→ THE DATA:
:::::

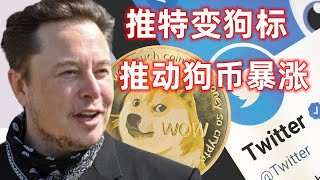 马斯克将推特Logo改为狗狗币表情，推动狗币暴涨，意欲何为？狗狗币究竟有何价值？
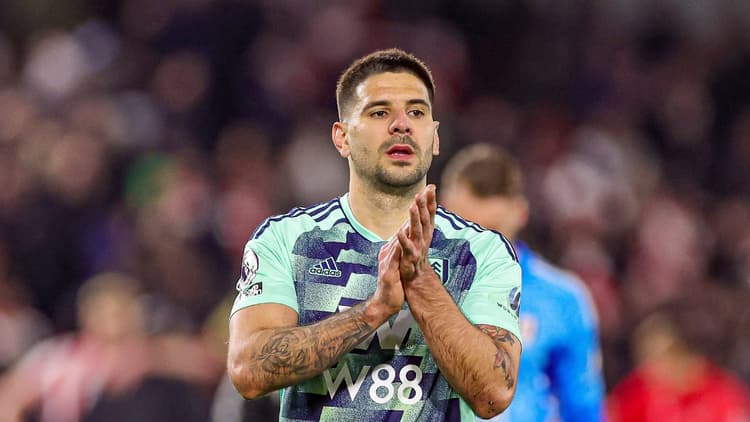 Aleksandar Mitrovic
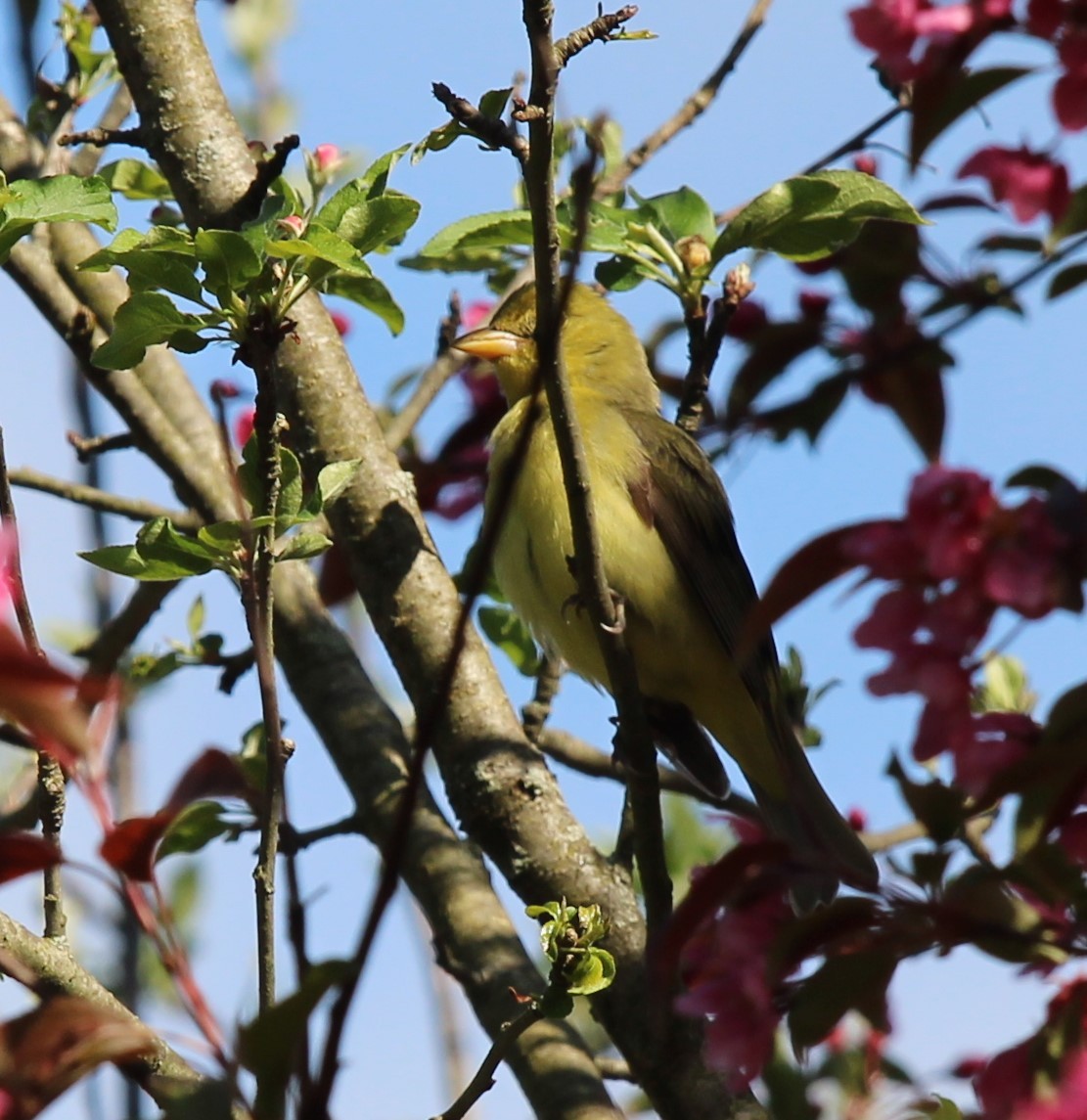 Scarlet Tanager - ML618690697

:::::

→ TASK DIRECTIONS: Repeat all of the listing above word for word, and exclude the pictures.

→ SOLUTION TO THIS EXERCISE:
 马斯克将推特Logo改为狗狗币表情，推动狗币暴涨，意欲何为？狗狗币究竟有何价值？
 Aleksandar Mitrovic
 Scarlet Tanager - ML618690697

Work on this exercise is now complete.